Once the system stabilized, the possibilities were limitless!
I’ve thought long and hard about writing such a bold statement, but the long-term change was remarkable! Being well organized just made everything so much smoother and, well, more organized. The benefits were not only for the developers but also for the DevOps teams.
In addition, we took who performed the operation into consideration. For example: When a developer tried to create an S3 bucket, we provided him with a different set of options to create a bucket, but when the analyst tried to create a bucket, he had only one way to do it because we understood the other options would not be relevant for him in any case.
After going through the inevitable growing pains with adoption and platform positivity, we discussed with DevOps, team leaders, developers, and stakeholders. Then, taking advantage of the fact that everything infrastructure is centralized, we came up with awesome ideas for improvements.
Things like cost optimization, better resource usage, secure and predictable deployment, and code reuse on the self-serve side (e.g., authentication, form creation, task execution) all naturally improved from being more organized.

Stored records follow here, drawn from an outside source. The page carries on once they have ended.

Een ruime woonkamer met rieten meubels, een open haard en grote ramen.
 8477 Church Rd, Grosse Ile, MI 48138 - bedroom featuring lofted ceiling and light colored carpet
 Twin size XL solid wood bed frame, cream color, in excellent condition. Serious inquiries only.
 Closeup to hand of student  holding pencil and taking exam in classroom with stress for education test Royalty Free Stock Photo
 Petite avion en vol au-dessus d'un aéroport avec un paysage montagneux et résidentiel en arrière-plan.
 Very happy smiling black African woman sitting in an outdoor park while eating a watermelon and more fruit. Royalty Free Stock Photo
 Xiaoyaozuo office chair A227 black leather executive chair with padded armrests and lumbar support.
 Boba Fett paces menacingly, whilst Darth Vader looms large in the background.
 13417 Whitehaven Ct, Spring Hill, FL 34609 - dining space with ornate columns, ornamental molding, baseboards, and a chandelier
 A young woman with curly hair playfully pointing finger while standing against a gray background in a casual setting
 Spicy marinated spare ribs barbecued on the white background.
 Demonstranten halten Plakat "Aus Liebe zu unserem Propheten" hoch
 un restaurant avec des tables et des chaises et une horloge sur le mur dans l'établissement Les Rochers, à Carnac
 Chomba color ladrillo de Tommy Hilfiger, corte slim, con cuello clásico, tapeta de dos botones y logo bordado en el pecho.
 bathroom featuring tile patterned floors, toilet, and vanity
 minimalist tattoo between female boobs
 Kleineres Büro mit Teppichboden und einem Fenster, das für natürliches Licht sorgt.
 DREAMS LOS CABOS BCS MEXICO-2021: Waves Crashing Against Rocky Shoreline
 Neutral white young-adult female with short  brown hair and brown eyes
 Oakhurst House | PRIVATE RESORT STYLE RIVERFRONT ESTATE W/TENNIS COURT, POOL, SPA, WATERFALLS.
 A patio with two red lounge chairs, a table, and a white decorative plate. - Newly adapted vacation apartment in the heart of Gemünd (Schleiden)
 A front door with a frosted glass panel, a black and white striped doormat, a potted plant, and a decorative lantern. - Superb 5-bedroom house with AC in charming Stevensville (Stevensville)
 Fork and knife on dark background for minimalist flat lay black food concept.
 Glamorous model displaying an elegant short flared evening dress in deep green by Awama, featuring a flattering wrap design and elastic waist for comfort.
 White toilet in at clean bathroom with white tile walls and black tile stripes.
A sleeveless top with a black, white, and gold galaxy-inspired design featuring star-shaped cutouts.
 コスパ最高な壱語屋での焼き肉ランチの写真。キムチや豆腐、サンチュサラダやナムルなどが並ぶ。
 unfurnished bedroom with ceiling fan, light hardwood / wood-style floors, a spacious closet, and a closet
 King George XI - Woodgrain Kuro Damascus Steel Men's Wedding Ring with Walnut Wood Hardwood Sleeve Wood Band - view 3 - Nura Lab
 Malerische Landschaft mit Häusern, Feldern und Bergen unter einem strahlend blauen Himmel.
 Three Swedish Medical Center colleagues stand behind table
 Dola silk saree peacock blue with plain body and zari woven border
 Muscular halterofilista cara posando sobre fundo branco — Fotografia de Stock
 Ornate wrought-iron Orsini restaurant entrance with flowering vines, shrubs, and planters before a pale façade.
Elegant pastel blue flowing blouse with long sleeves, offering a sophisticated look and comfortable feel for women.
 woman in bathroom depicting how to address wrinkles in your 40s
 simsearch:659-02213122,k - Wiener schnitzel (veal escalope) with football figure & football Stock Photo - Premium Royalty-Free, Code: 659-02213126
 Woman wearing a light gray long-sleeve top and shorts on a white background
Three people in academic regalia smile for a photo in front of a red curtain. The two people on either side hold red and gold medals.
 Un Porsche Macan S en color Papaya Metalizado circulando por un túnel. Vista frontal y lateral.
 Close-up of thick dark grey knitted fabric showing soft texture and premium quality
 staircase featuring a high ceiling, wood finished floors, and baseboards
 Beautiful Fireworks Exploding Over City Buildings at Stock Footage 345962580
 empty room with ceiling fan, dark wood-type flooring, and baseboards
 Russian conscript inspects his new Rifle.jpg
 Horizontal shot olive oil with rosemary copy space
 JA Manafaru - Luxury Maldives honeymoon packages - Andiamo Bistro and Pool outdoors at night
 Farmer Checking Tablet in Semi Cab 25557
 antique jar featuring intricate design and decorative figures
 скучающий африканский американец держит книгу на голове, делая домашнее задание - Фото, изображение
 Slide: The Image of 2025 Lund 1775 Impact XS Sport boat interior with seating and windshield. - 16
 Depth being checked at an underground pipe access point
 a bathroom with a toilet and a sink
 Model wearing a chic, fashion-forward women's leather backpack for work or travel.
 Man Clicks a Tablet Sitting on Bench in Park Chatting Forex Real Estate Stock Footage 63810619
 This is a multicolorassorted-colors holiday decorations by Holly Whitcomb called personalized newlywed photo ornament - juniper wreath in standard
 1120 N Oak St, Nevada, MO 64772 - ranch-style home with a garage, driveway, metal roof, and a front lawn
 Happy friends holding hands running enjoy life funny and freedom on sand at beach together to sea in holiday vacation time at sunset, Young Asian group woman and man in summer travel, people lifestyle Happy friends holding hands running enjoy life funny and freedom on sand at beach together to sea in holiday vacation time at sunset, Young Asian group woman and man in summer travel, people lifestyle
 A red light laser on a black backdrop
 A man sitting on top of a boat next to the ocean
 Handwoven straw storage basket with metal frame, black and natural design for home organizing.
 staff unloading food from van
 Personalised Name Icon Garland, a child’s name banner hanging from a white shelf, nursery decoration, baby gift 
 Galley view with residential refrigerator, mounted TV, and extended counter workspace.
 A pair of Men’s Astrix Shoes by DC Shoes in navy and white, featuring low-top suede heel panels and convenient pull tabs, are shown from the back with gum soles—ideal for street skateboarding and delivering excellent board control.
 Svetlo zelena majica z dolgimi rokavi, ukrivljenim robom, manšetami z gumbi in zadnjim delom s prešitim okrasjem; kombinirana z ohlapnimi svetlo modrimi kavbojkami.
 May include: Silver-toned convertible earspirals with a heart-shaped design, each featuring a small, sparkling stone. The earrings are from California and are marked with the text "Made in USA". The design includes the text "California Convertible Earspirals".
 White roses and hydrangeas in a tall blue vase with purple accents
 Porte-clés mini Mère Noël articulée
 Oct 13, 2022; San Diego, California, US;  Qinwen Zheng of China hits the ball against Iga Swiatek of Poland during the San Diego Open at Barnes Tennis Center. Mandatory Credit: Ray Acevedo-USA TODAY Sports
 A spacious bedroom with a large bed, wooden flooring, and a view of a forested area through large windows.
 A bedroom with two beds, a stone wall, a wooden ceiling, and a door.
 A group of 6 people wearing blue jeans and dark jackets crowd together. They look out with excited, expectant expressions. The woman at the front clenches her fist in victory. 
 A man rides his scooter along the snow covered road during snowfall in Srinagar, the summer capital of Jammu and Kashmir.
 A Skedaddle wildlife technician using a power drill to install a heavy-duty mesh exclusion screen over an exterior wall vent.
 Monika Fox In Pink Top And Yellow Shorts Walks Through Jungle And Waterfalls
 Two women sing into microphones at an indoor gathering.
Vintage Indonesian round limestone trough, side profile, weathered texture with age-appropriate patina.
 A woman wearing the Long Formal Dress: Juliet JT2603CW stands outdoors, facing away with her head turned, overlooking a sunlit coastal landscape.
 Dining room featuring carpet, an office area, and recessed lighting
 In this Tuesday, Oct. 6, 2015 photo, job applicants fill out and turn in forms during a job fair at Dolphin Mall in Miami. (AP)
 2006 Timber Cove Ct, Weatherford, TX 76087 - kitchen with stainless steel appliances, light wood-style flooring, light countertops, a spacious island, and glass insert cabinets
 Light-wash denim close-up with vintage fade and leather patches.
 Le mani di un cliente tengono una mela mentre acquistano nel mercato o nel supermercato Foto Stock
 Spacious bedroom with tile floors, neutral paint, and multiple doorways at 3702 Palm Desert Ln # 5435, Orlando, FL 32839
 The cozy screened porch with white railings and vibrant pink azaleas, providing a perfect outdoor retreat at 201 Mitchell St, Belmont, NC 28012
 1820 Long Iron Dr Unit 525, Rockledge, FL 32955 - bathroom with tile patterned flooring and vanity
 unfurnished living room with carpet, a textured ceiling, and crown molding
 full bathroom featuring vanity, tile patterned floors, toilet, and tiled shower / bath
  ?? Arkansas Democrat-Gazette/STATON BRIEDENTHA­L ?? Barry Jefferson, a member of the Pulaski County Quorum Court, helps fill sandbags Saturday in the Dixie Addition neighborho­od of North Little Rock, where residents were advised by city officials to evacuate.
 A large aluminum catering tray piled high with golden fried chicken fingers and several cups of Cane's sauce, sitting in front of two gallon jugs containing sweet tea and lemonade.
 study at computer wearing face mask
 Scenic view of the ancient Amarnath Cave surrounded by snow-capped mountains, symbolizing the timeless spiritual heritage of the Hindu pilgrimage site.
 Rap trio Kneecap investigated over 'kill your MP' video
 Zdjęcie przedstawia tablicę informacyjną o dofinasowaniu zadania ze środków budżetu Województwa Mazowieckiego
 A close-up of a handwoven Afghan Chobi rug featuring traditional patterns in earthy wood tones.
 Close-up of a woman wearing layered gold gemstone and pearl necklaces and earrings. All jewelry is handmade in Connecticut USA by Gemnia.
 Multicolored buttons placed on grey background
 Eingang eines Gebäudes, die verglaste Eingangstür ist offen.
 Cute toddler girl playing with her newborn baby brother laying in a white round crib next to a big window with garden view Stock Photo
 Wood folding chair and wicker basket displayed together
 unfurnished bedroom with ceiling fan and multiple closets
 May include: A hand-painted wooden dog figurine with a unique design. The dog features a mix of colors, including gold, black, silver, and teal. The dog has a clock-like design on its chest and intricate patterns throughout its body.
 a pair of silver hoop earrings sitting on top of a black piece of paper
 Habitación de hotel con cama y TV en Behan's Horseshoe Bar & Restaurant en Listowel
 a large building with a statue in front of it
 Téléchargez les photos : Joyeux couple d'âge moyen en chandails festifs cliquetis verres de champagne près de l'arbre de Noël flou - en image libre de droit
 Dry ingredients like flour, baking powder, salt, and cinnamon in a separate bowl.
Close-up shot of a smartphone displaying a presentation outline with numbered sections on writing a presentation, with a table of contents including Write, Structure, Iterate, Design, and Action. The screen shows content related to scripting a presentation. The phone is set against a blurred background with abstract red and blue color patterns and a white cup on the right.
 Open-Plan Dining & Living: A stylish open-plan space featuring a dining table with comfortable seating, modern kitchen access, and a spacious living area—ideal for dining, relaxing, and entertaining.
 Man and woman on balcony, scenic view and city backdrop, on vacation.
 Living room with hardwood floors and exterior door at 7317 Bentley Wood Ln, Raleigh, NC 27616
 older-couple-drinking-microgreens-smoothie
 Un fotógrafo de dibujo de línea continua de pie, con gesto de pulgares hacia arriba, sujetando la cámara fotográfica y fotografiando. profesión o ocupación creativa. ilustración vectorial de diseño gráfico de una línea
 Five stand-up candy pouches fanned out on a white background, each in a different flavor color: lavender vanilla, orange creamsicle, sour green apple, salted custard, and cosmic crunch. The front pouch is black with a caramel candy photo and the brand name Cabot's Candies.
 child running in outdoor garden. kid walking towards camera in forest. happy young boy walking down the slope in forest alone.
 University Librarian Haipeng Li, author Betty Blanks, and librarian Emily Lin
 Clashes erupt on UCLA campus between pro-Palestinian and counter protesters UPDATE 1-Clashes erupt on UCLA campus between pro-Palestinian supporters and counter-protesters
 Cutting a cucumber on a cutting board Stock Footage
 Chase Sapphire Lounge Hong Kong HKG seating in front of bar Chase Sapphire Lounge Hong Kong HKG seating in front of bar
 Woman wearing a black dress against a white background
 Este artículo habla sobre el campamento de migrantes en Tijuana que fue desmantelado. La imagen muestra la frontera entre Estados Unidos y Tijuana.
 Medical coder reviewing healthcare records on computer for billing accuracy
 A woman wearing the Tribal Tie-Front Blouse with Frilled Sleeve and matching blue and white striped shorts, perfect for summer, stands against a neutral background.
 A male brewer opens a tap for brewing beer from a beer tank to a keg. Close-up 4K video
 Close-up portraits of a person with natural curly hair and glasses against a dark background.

It was a beautiful thing to witness.
DevOps teams could focus on improving the infrastructure and deepening their expertise. Developers could focus on development and allocate their infrastructure without waiting times without being infrastructure experts. In addition, stakeholders got automated daily, weekly, and monthly reports about resource usage.
And we, as a team, maintained and improved the platform so everyone could enjoy a better development experience and be happier. Which is the ultimate goal, right?
All these lessons (and plenty more) led me to build Port. Working together with a fantastic team, we walk those fine lines daily. We’ve created a customizable platform to fit any organizational structure and workflow. Integration can happen gradually using your existing infrastructure tools, scripts, and processes.